-- Task details --
Skip the images and print the listing exactly.

-- Data for this task --
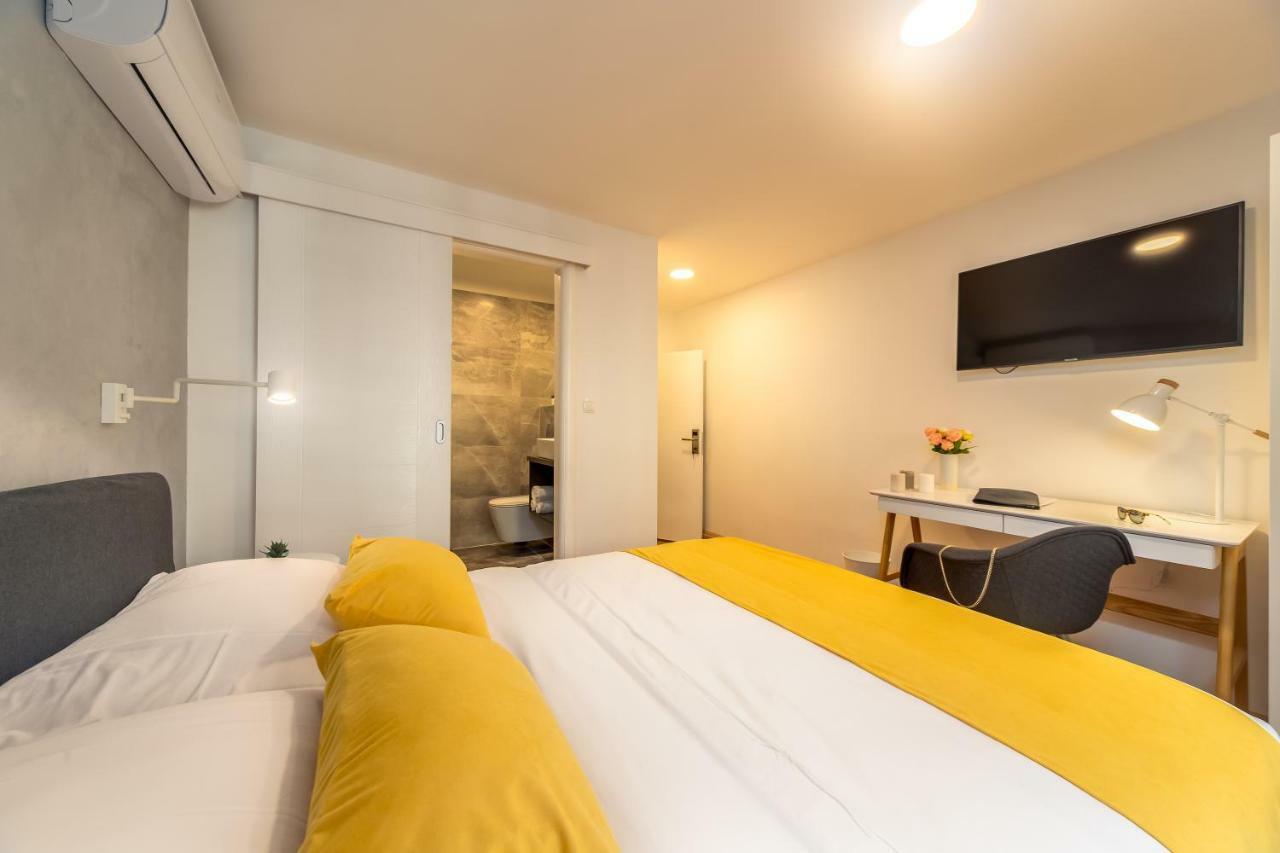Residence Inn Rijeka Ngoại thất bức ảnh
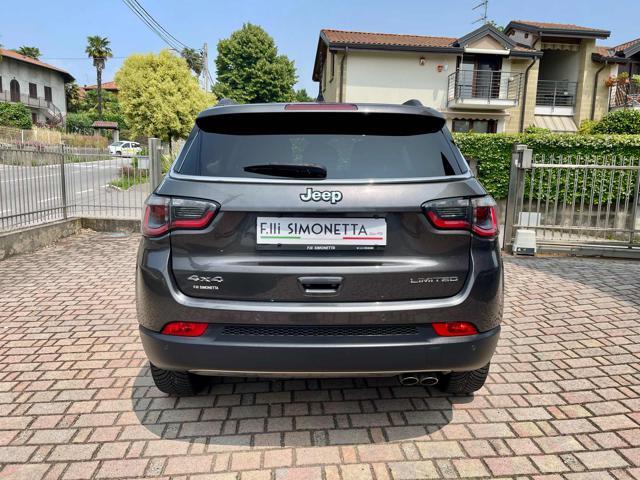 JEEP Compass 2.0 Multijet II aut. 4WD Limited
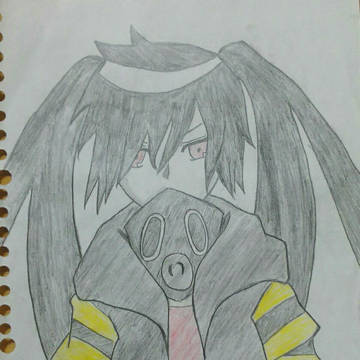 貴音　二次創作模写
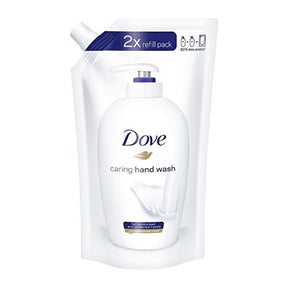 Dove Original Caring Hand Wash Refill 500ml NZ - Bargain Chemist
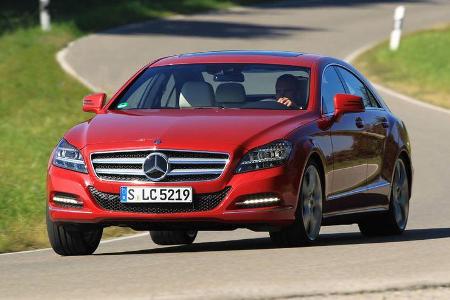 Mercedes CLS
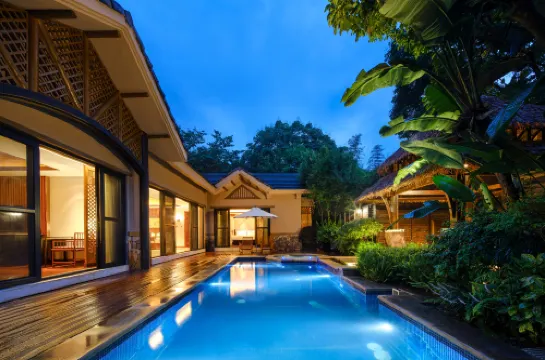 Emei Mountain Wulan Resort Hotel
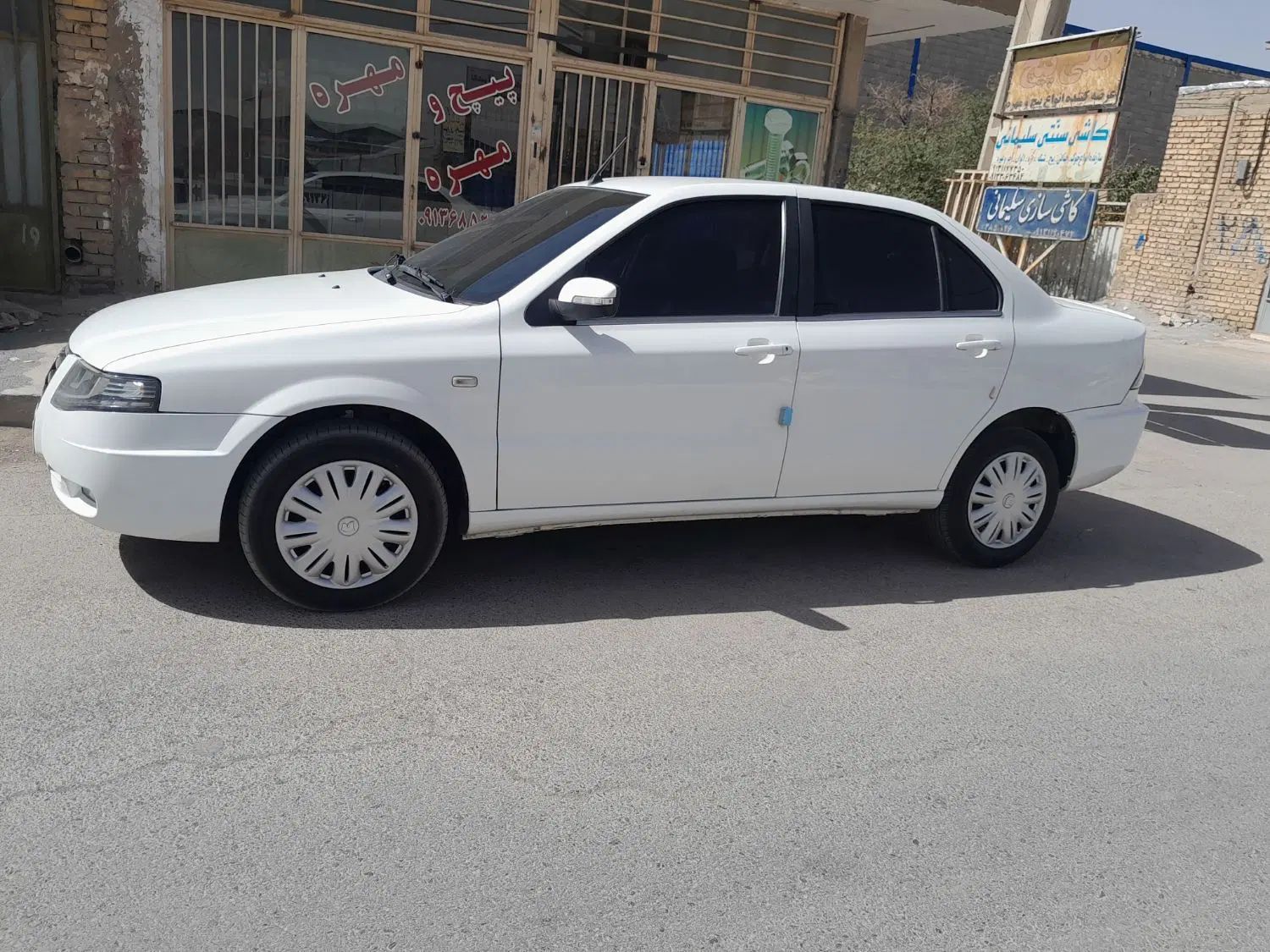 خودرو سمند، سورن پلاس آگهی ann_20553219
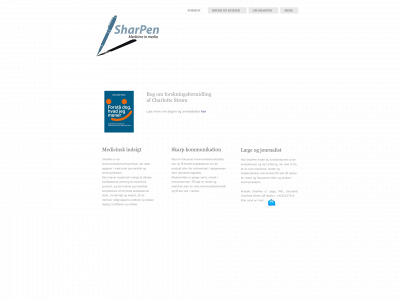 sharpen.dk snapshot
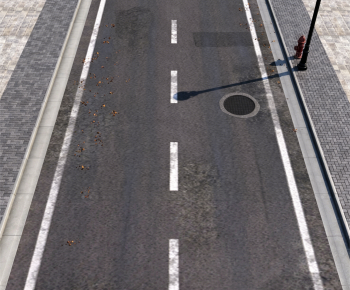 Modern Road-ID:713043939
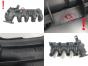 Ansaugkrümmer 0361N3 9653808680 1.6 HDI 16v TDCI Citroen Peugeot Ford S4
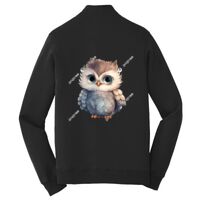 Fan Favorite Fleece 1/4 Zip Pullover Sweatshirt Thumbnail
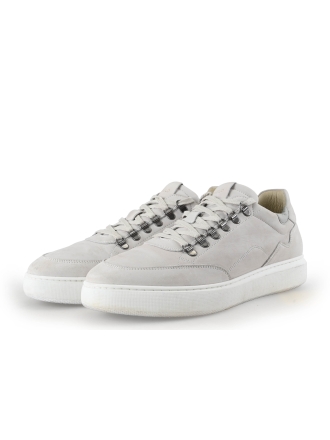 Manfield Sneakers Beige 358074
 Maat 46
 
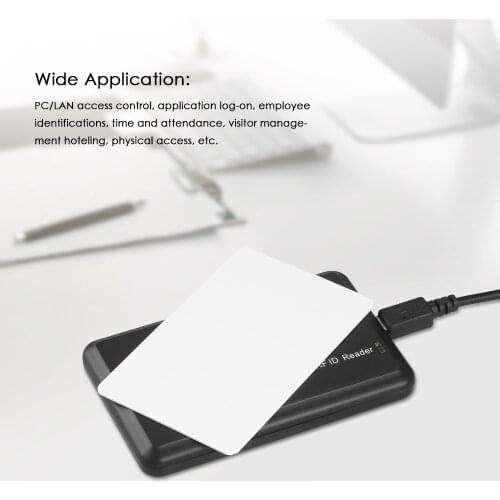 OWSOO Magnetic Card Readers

-- Response to this exercise --
Residence Inn Rijeka Ngoại thất bức ảnh
 JEEP Compass 2.0 Multijet II aut. 4WD Limited
 貴音　二次創作模写
 Dove Original Caring Hand Wash Refill 500ml NZ - Bargain Chemist
 Mercedes CLS
 Emei Mountain Wulan Resort Hotel
 خودرو سمند، سورن پلاس آگهی ann_20553219
 sharpen.dk snapshot
 Modern Road-ID:713043939
 Ansaugkrümmer 0361N3 9653808680 1.6 HDI 16v TDCI Citroen Peugeot Ford S4
 Fan Favorite Fleece 1/4 Zip Pullover Sweatshirt Thumbnail
 Manfield Sneakers Beige 358074
 Maat 46
 
 OWSOO Magnetic Card Readers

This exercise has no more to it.